December 25, 201213 yr First off: Everything is fine, just wondering why this happened? Dec 25 09:05:20 Tower emhttp_event: svcs_restarted Dec 25 09:05:53 Tower kernel: mdcmd (28): clear Dec 25 09:05:58 Tower kernel: mdcmd (29): check NOCORRECT <- was this my doing? Dec 25 09:05:58 Tower kernel: md: recovery thread woken up ... Dec 25 09:05:58 Tower kernel: md: recovery thread syncing parity disk ... Dec 25 09:05:59 Tower kernel: md: using 1536k window, over a total of 1953514552 blocks. I just upgraded from 5.0-beta3 to 5.0-rc8a Reboot your server. Once boot-up has completed, you should see "Stopped. Configuration valid." array status with all disks assigned correctly except for the Cache disk.
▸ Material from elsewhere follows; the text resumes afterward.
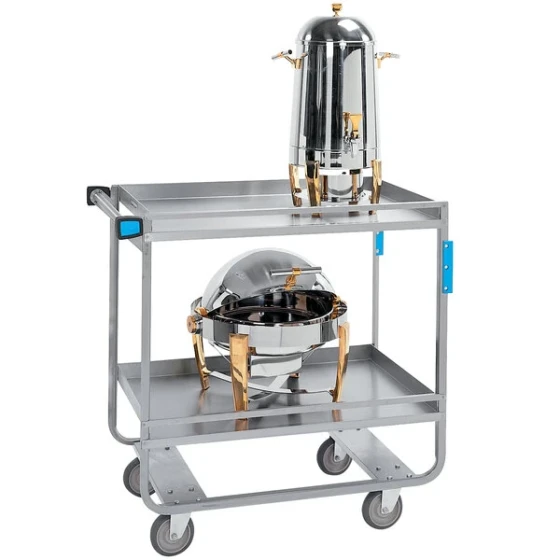 Lakeside 729 Stainless Steel Two Shelf Heavy Duty Guard Rail Utility Cart - 38 5/8" x 22 3/8" x 37 1/4"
If you previously had a Cache disk assigned, you will need to re-assign it manually and re-apply any unique configuration settings for it. When I restarted no disk had been assigned? So after I resigned all disk, I hit start... It told me Parity is invalid/Yellow Ball? I quickly opened up each disk to see if everything was good.. everything was all good.. So I decided to run a parity sync.. so why did this happen? The only thing, I'm thinking is there was a box that said parity is valid.. that I did not click? But that does't seem to make much sense, that would seem to me. That the parity drive is valid.. and nothing is wrong? Do not check? So now it's rewriting the whole parity disk.... I'm not to worried "minus" drive failure in next 281 minutes lol If I had clicked parity valid, would it just have started up normal? I know it sounds like it should, but that just seems like it's saying parity sync is good? No need to rebuild the whole drive?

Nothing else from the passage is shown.